Personal information
- Nationality: Van Nuys, California, US
- Born: March 31, 1983 (age 43)
- Height: 5'8
- Weight: 150

Sport
- Country: United States
- Sport: Snowboarding
- Disability class: SB-LL2
- Event(s): Snowboard cross, Banked slalom

Medal record
Men's para snowboarding
Representing United States
Winter Paralympic Games
| Silver medal – second place | 2014 Sochi | Snowboard cross |

= Mike Shea (snowboarder) =

American Paralympic snowboarder

Mike Shea (born March 31, 1983) is a retired American para-snowboarder. He won a silver medal at the 2014 Winter Paralympics in the inaugural Snowboard cross event. At the World Para Snowboard Championships in the LL2 division, Shea won gold in the 2015 banked slalom event and bronze in the 2017 snowboard cross event. In 2014 and 2015, Shea was nominated for the Best Male Athlete with a Disability ESPY Award. Shea retired from snowboarding in 2020.

==Early life==
Shea was born on March 31, 1983, in Van Nuys, California to parents Michael and Cynthia Shea. Shortly after he was born, his family moved to Castaic, California where he attended Valencia High School for a little over a year and eventually graduated from Bowman High School. In September 2002, Shea was wakeboarding on Castaic Lake when the ski rope wrapped around his ankle and severed his leg below his knee. At the time, he was growing addicted to alcohol and painkillers which worsened following his accident. He eventually entered into rehab in 2007 and followed their 12-step program for being sober.

==Career==
Upon being sober, Shea opened a carpentry business where he created dog houses and custom entertainment centers. In 2010, he received
a call from a coach from the National Sports Center for the Disabled (NSCD) informing him that the International Paralympic Committee was considering adding competitive snowboarding events to the competition. As a result, he closed his business and relocated to Winter Park Resort so he could start training. Through his training, Shea competed in Snowboard cross at Winter X Games where he won a silver medal and, later, three World Championships.

In 2014, Shea became a member of the "Three Amigos" (along with Keith Gabel and Evan Strong) competing in snowboarding internationally for Team USA. He won the International Paralympic Committee (IPC) World Cup Title in February 2014 and earned a silver medal at the inaugural snowboarding event at the 2014 Winter Paralympics. Upon winning the silver medal, he began earning endorsements and developed a career as an inspirational speaker. Later that year, the three also competed at the IPC Alpine Skiing Europa Cup in their first-ever banked slalom Para-snowboarding event. As a result of his success, Shea was named a finalist for Team USA’s Male Paralympic Athlete of the Year. Shea was nominated for the Best Male Athlete with a Disability ESPY Award in 2014 and 2015.

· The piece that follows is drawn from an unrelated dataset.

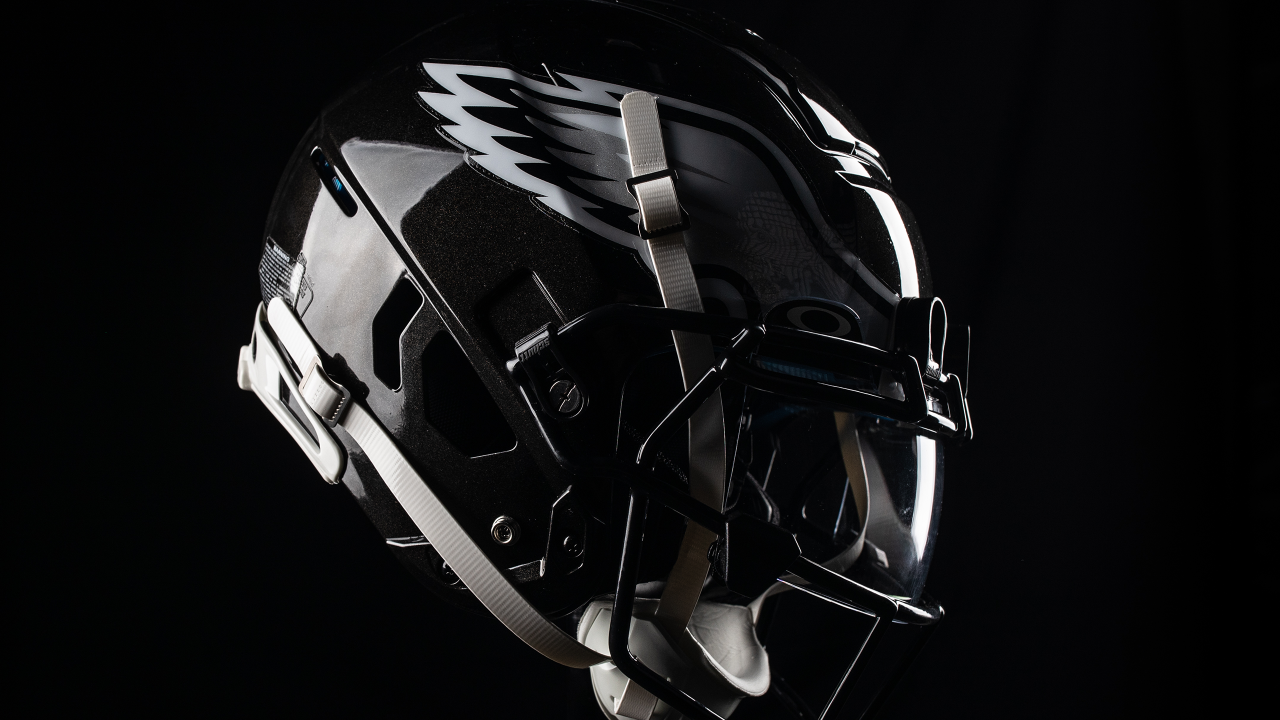 First look at the black helmet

As a World Para Snowboard Championships competitor in 2015 for the LL2 division, Shea was first in the banked slalom event and ninth in the snowboard cross event.
Shea reappeared at the World Para Snowboard Championships in 2017, where he won a bronze medal in snowboard cross and finished seventh in banked slalom. At the 2018 Winter Paralympics snowboarding events, Shea was fourth in banked slalom and fifth in snowboard cross. Shea officially retired from competitive snowboarding at the age of 37 in September 2020 due to health problems and chronic injuries.